Tuesday, May 21, 2013

Farm Life

Life on a farm isn't like it seems in those Old McDonald picture books.  Our cows aren't all white and black, my chore clothes aren't pristine blue jean overalls and a straw hat, and our farm isn't red outbuildings with white trim.  We don't use a pitchfork to pitch hay, we don't have hay stacks, and most of our cows have numbers instead of names.

The modern dairy farm is turning more and more automated.  Our fields are worked by horsepower (as in John Deere) as opposed to horse power.  Our hay is baled, not stacked, and lines the driveway at the barn in long white plastic wrapped rows. We use skidsteers and tractors with loaders to haul and feed hay.  No pitchforks involved. Our cows are numbered for convenience (ever try coming up with 40 new names each year without overlapping the 120+ names you already have in use?) and are black, white, brown, red, grey, and every shade in between.  My chores clothes are sweat pants, T-shirts, and sweatshirts and on my feet, the ubiquitous blue mud boot found at the fleet supply store in town.  Our barns are more pole buildings with steel siding/roofing as opposed to the iconic red barn with soaring hay loft.  Fields are plowed with tractors pulling plows that cut a several foot swath instead of a single row of sod turned over by a walk-behind plow pulled by a trusty farm horse.  While I do know how to milk a cow by hand, I rarely have to use that skill for more than the occasional cow as our automatic milkers with their automatic take-offs do all the hard work for us.  If you really want to get fancy, you can get a robotic milker for even more ease.

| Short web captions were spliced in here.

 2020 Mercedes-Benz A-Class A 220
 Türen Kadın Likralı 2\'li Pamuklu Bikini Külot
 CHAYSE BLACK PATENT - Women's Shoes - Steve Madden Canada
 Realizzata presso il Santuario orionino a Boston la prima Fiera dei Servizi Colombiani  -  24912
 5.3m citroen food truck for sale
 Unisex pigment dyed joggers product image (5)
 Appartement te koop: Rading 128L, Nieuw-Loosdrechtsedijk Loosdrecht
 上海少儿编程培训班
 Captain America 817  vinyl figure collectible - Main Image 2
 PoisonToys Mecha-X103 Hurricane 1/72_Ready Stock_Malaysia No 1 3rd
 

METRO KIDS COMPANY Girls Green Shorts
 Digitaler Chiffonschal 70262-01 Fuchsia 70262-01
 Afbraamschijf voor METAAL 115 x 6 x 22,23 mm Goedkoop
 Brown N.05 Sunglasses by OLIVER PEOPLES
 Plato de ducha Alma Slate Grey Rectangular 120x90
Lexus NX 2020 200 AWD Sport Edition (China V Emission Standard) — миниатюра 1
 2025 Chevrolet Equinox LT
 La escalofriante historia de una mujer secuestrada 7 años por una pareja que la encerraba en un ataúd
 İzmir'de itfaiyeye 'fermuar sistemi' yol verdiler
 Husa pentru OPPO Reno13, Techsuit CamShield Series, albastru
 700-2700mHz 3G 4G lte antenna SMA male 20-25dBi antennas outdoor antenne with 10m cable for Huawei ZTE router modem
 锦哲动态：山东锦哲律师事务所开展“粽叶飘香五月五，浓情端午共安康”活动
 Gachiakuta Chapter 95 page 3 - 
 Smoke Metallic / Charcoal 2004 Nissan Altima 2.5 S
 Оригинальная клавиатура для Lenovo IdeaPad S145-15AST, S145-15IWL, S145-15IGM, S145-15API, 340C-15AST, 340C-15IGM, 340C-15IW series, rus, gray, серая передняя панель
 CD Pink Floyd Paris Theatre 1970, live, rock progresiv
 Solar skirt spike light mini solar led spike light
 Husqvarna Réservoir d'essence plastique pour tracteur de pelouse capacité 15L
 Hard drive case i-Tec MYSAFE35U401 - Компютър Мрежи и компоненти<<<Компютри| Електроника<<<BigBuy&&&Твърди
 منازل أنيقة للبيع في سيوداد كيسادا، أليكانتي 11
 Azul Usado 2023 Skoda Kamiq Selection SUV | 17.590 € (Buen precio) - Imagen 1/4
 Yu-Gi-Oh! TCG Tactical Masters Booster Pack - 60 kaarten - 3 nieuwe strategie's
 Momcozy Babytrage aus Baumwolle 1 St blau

Yet, farm life isn't all mechanical. There's still the charm of seeing newborn calves wobble about on gangly unsteady legs.  There's still that one favorite cow who nuzzles up for a neck scratch. There's still the appreciation for the land and the animals.  Farmers still sigh with satisfaction when the last load of grain is in the bin and harvest is done for another year.  While things have gotten more automated and farm life has changed considerably since the days of Laura Ingalls Wilder, the essence of family farming still remains.  My kids will grow up on the same farm their father did and maybe someday V and/or A will farm with their own children here.  Til then, they'll ride tractors with their daddy, watch the calves gambol about in their pens, and grow up as honest-to-goodness farm kids.